Serenbe: A Community Built on Radical Common Sense

How one man’s wake-up call became a blueprint for intentional, nature-connected living.

There is a moment in every meaningful story when the direction shifts. A moment when life nudges you toward something you never expected.

For Steve Nygren, that moment happened on a quiet piece of farmland southwest of Atlanta. He and his wife Marie drove down to show their daughters a few farm animals. Nothing serious. Nothing planned. But as Steve laughs today, “They had the Shetland pony saddled… and we bought the farm.”

That spontaneous visit became the seed for Serenbe, one of America’s most admired wellness communities. People around the world study it for its biophilic design, walkability, food systems, preservation model, and multigenerational living. But it didn’t start as a master plan. It started as a family looking for space to breathe.

The land had something else in mind.

The Bulldozer That Changed Everything

Years later, Steve was jogging with his daughter along the property line when they reached a hill and saw a bulldozer flattening the forest next door. The sight hit him hard.

“That was my wake-up call.”

Development was coming. Fast. The easy option would have been to move farther out, just like other families who kept chasing open land. But Steve felt something deeper. He had watched Atlanta sprawl north for decades. This land was some of the last untouched acreage near the city. If he did nothing, it would disappear.

He tried calling preservation groups. He tried calling landowners. The response was always the same: help wasn’t coming.

Then a friend told him the truth.

“There isn’t anyone. That’s why you have to.”

That sentence transformed Steve from restaurateur into community builder. Not to maximize profit, but to save the land and create a healthier way of living.

A Vision Rooted in Common Sense

Serenbe began as a feeling. It began with the simple desire to live in a way that honored nature and human connection. Steve didn’t want to build another subdivision. He wanted to build a place where people could breathe, walk, gather, grow food, and feel like they belonged.

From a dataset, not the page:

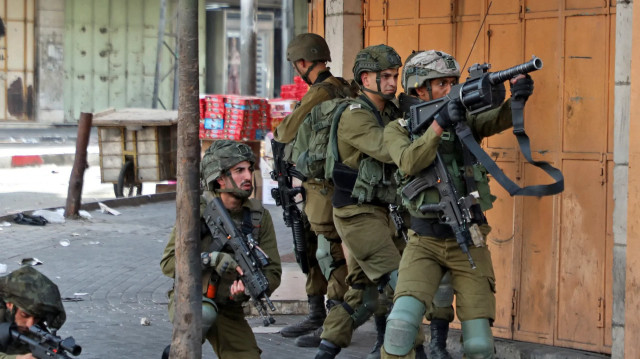 مقتل فلسطينية برصاص جيش الاحتلال شمالي الضفة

“Serenbe is a place that connects people to nature and to one another,” he told me. “It sounds simple, but we don’t see that anymore in America.”

He protected 70 percent of the land.
He prioritized walkability.
He integrated farms, trails, green space, and wellness practices.
He reintroduced the idea of the front porch as a community builder.

This wasn’t marketing language. It was intentional design built on common sense and a belief that healthy communities create healthier people.

Over time, visitors didn’t just see the difference. They felt it.

“It’s the Freedom.”

One of the most telling stories in the entire Serenbe journey comes from Steve’s daughter. Shortly after the move, he asked her if she was glad they left their home in Ansley Park. He expected her to talk about the pony or the space.

Instead, she said, “It’s the freedom.”

That word sits at the center of everything Serenbe represents. Freedom to explore. Freedom to walk to dinner. Freedom for children to grow up outdoors. Freedom for elders to stay connected to daily life instead of being isolated.

As Steve puts it:

“We have free-range kids and uncaged elders.”

If you visit, you see exactly what he means. Kids biking to friends’ houses. Grandparents chatting on porches. Neighbors walking through wooded paths to coffee or dinner. People from all stages of life living in a way that feels natural and grounded.

The Community That Built Itself

Ask Steve how he pulled this off and he often says he didn’t. The land shaped the choices. The people shaped the evolution. The community grew because the guiding principle was strong enough to stand on its own.

He calls it radical common sense.

Protect the trees.
Build walkable streets.
Grow food locally.
Design homes that face each other.
Create spaces where people naturally meet.
Make nature accessible from every threshold.

These aren’t groundbreaking ideas. They are timeless ones. And maybe that is why Serenbe resonates so deeply. It reconnects us with the way humans are meant to live.

Serenbe has become a global model for environmental stewardship, sustainable development, wellness travel, and intentional community design. Yet its greatest impact still shows up in the small stories.

The couple who told Steve, “Moving here saved our marriage.”
The parents who watched their kids thrive outdoors.
The individuals who found their way back to health and presence.
The visitors who came for a weekend and left imagining a different kind of life.

Serenbe preserved more than land. It preserved possibility.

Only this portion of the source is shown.